____ Data excerpts

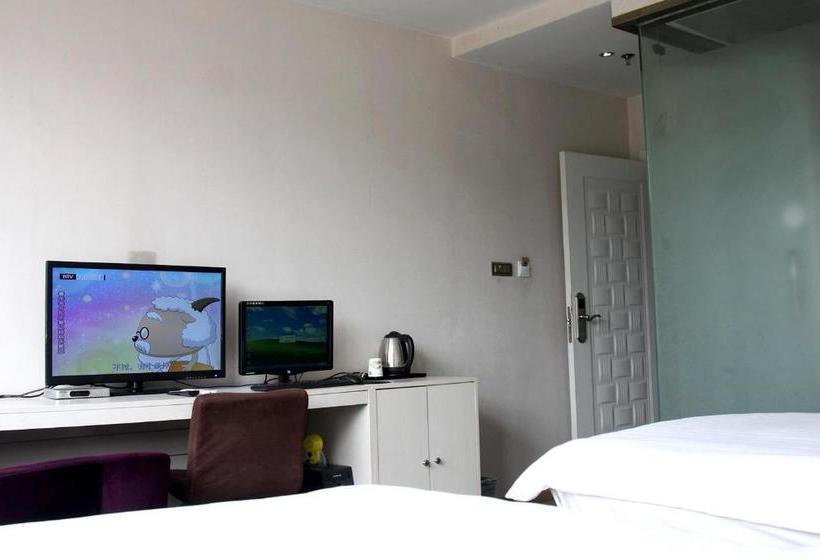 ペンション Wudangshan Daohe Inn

________
____ Data excerpts

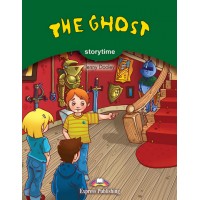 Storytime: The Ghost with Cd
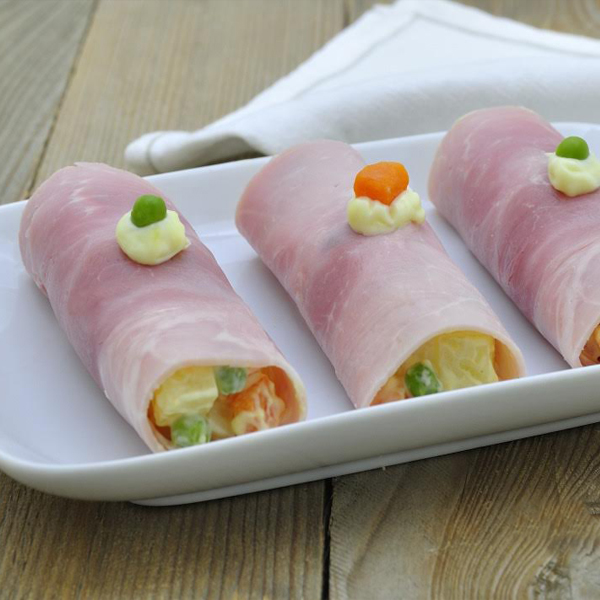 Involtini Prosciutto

________
____ Data excerpts

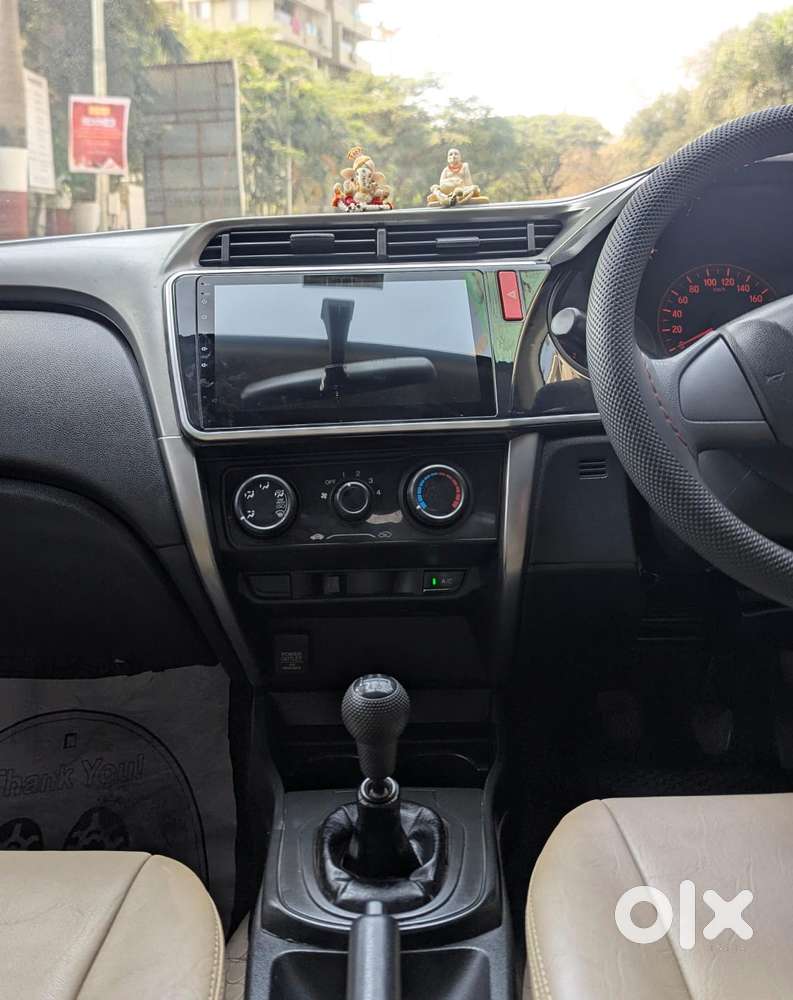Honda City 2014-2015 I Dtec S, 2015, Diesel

________

--- Activity ---
Pictures do not belong in the answer. Return the lines above starting at the one with "Storytime: The Ghost with Cd" and ending at the one with "Involtini Prosciutto", both kept, exactly.

--- Answer to this problem ---
 Storytime: The Ghost with Cd
 Involtini Prosciutto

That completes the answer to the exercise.